As the Department of Energy inches towards the March deadline for its federal interim storage information request, the agency’s nuclear energy chief is impressed with some of the responses already rolling in, she said this week.
“We’re coming into this with a pretty open mind as to what [a federal interim storage site] should look like, and people are ready to put anything into your mind if it’s open,” said Kathryn Huff, head of DOE’s Office of Nuclear Energy (NE), during a virtual webinar hosted Thursday by nuclear advocacy group Nuclear Matters.
DOE in November published a Request for Information (RFI) aimed at canvassing potential stakeholders for input on how the agency should go about siting a federal interim storage facility for the nation’s spent nuclear fuel. The RFI is seeking public input about the siting process, not volunteers to host a site. The deadline for responses to the RFI is March 4.
While Huff declined to say how many responses DOE had gotten so far, she said that the input she’s seen is “very creative.”
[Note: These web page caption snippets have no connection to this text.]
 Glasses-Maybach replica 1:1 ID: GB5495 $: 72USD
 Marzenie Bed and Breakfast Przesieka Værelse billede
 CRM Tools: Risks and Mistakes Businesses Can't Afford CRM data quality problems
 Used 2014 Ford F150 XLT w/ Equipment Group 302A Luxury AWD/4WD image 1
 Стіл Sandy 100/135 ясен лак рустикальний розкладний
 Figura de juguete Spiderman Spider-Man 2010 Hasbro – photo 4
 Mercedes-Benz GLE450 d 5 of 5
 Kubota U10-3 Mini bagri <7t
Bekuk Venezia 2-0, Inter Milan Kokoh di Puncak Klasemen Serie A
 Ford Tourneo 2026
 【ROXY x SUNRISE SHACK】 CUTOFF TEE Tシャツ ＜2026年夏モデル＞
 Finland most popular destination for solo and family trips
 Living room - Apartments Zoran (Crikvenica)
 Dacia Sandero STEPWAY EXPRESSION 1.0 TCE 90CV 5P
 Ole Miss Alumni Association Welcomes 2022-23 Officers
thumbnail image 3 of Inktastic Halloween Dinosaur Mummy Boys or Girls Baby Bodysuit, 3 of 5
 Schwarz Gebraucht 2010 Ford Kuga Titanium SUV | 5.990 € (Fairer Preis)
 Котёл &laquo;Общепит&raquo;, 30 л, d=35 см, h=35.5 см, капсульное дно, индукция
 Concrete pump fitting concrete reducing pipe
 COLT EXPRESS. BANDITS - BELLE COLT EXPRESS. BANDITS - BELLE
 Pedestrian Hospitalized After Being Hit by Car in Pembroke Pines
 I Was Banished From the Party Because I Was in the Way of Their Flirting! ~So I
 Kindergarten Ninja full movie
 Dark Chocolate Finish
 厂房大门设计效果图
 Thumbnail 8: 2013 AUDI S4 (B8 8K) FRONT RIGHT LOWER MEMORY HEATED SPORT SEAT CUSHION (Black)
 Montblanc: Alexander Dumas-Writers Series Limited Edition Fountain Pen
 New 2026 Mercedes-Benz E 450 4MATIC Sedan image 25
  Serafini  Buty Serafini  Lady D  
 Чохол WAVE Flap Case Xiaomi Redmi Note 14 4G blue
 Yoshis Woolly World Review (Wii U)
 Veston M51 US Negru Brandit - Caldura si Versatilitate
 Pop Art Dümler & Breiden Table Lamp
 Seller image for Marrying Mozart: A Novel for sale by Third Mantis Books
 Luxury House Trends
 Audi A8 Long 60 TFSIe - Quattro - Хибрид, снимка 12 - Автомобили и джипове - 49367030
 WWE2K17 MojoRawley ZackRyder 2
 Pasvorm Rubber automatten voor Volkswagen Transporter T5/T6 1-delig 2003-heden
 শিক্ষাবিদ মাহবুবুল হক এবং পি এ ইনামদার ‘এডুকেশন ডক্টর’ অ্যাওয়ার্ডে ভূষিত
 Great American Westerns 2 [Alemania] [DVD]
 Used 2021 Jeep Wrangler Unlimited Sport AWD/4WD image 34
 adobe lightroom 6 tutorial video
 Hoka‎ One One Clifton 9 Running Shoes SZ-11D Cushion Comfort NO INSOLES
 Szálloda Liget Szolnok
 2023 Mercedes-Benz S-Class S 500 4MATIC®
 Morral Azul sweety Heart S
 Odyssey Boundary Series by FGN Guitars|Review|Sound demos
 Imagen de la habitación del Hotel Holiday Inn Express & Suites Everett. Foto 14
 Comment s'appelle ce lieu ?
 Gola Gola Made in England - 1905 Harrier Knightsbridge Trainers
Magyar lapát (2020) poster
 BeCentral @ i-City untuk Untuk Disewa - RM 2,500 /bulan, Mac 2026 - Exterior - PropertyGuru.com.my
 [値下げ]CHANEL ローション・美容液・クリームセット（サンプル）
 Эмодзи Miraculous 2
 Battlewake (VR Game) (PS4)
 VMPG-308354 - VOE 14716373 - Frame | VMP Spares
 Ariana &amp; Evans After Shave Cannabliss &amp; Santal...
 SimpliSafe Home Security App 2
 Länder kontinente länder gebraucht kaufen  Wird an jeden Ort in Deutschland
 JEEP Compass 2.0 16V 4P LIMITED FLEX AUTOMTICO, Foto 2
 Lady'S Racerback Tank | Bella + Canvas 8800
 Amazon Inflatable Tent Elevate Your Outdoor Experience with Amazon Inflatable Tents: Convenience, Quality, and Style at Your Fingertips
“There are a lot of stakeholders in this country,” Huff said, “full of brilliant minds that care about how we’re going to approach this in a way that recognizes the energy justice and economic issues around it, but also recognizes that [spent] fuel is currently stored safely in the current locations where it is.”
All responses to DOE’s request should become publicly available “shortly after the close of the RFI,” Huff said.
“I think it’s been a really interesting exercise, seeing the nuanced, brilliant ideas that folks have all across this country,” Huff said.
Even if DOE manages to get a willing host community for a federal interim storage facility, the agency has acknowledged that it can’t break ground on such a site without some changes to federal law. The Nuclear Waste Policy Act (NWPA) prevents the feds from building interim storage before a permanent repository for spent fuel exists — Nevada’s Yucca Mountain, the only site congressionally authorized for that duty, remains on ice.
Huff told RadWaste Monitor back in November that the current constraints of the NWPA “would need to be addressed” before an interim site could be built.